Em seguida sentou numa cadeira, colocou as mãos sobre a mesa e sobre ela a cabeça, tudo rente à madeira envelhecida pelo tempo e assim ficou só Deus sabe, e o próprio, imaginando o que. Mas não demorou muito nessa posição dos aflitos e angustiados, e levantou num pulo. Eu mesmo vou ler diante de todos o que está escrito aqui, foi o que disse a si mesmo enquanto seguia em direção à porta.
Que aflição, meu Deus, aí e em todo lugar. Enquanto Tristão colocava a mão na fechadura, noutra distância Sinhá Culó trazia um café bem quentinho para ver se animava um pouco mais o seu esposo Timbé e o desconsolado viúvo. Para os meninos lembrou-se de providenciar umas bolachinhas de goma. De goma ou de nata, ali não faltava de jeito nenhum, e tudo feito por ela mesma, ainda que as dores nas juntas fizessem de qualquer coisa um pesaroso sacrifício.

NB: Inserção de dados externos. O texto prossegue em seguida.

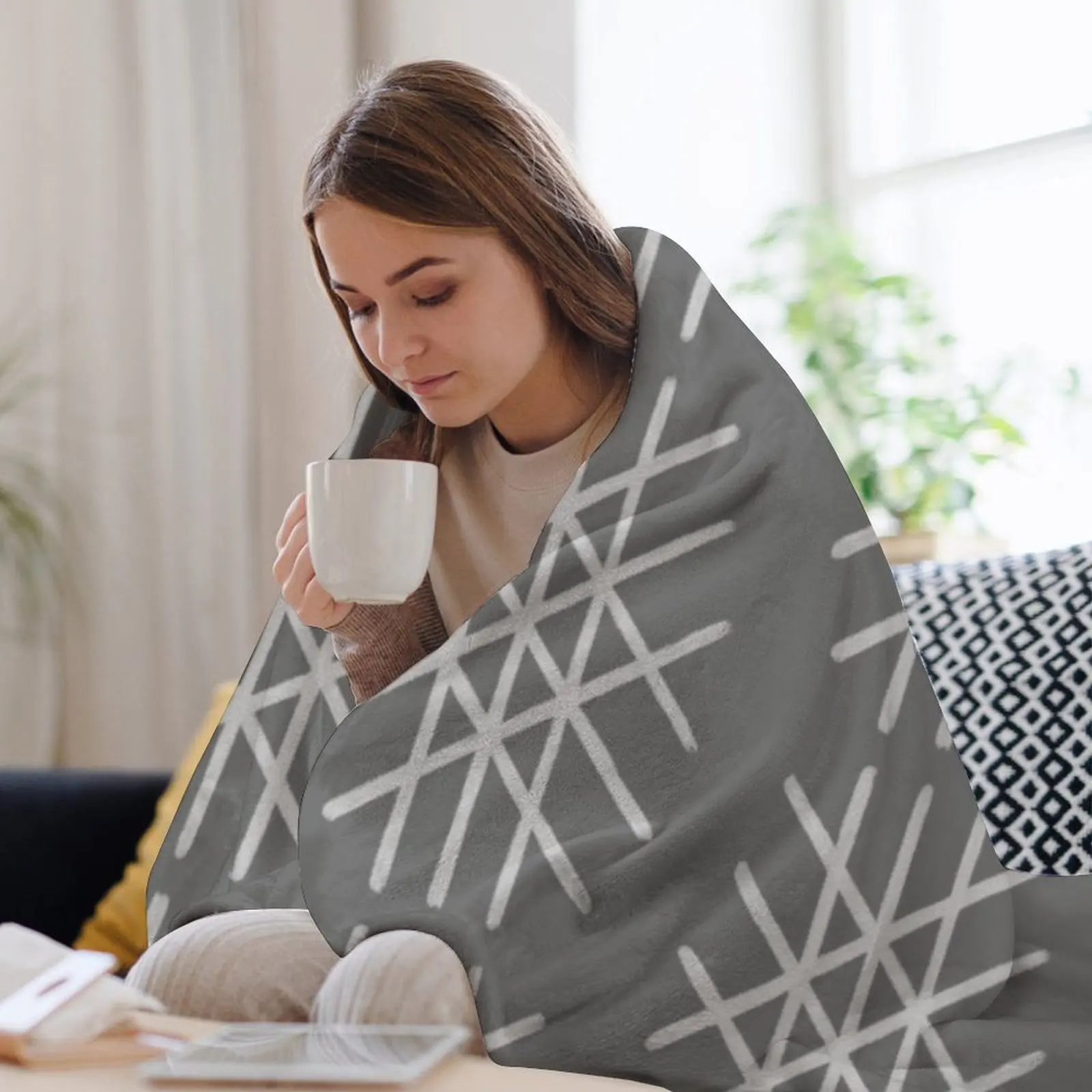 Web Of Wyrd Throw Blanket Men' - 3D Printing Web recension och pris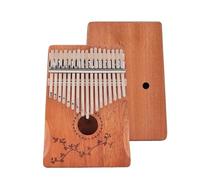 ALFAAL Kalimba 17 Key Portable Finger Thumb Piano 17 Key Kalimba Musical Instrument Adult Music Lover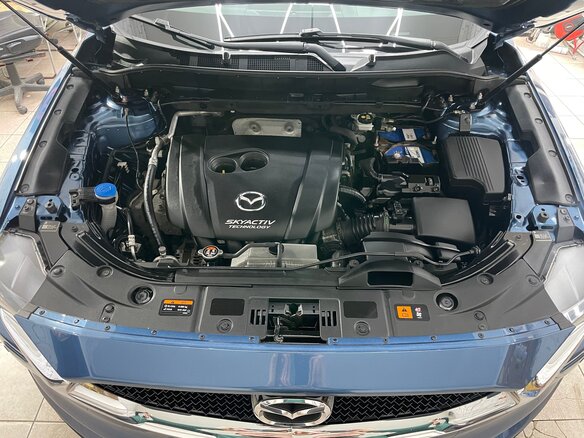 2017 Mazda CX-5 II, голубой, 2450000 рублей - вид 12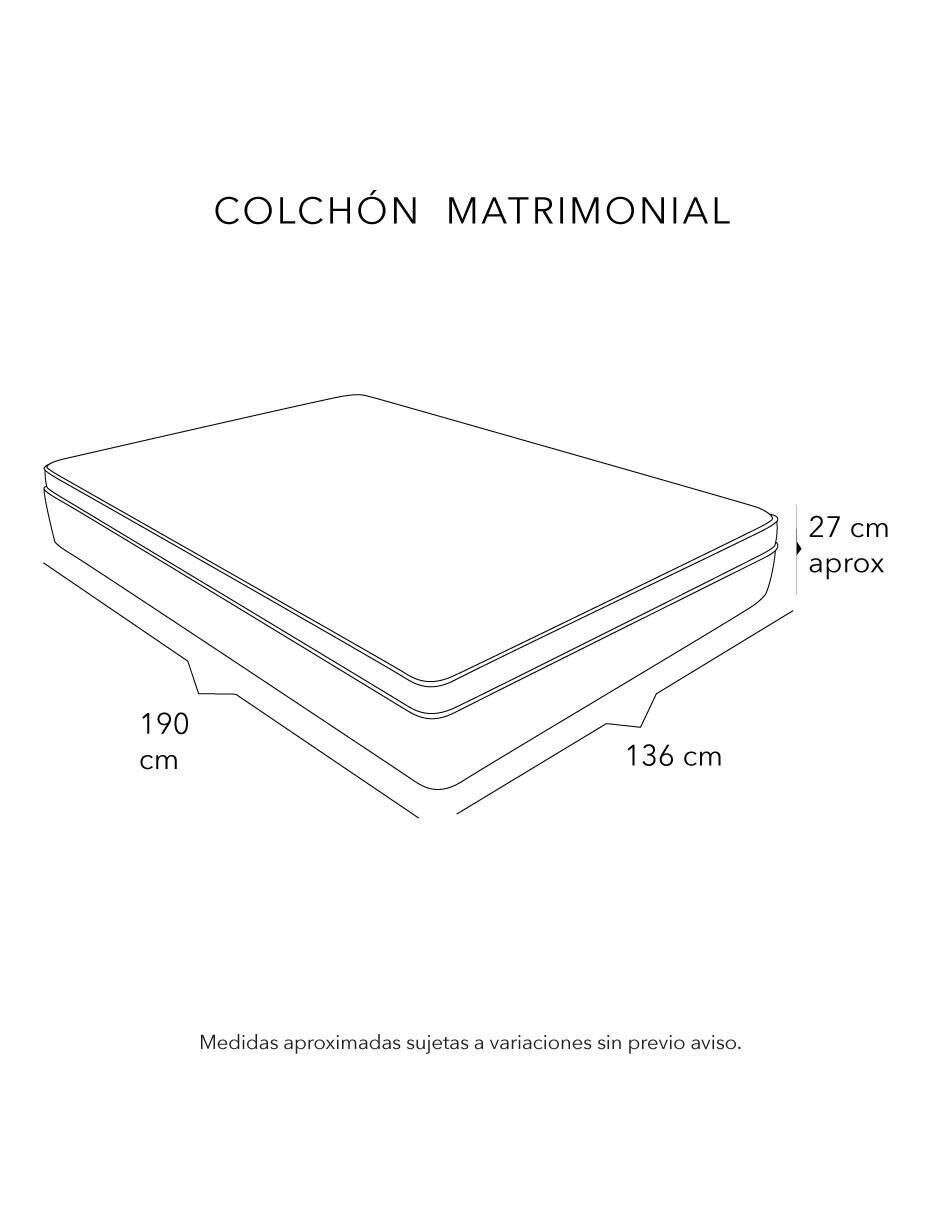 Colchón premier matrimonial 8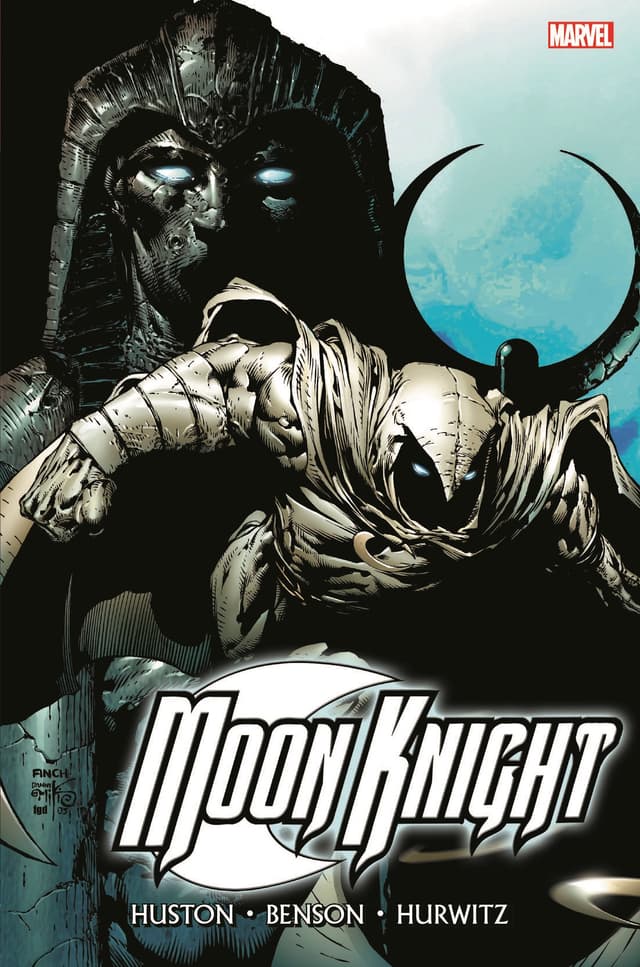 Moon Knight by Huston, Benson & Hurwitz Omnibus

Do jeito que o viúvo continuava, cabisbaixo, entristecido demais, chegou a pensar que o mesmo nem aceitaria o cafezinho. Aliás, só aceitou porque o filho Tiquinho recebeu a xícara e disse que ele não poderia ficar daquele jeito e que precisava ao menos parecer que estava vivo. Ele não disse nada, mas sentiu precisamente o significado dessas palavras.
Verdade é que estava assim triste porque não sabia como o filho estava reagindo, estava sentindo por dentro a perda da mãe. Por ele não, que faria o possível e o impossível pra que jamais lhe faltasse nada. O problema era saber se conseguiria vencer aqueles momentos iniciais tão difíceis, pois temia demais que o menino não entendesse a situação e ficasse desesperado. Mas já que ele se mostrava compreensivo e até o encorajando, então já poderia se sentir um pouco mais aliviado.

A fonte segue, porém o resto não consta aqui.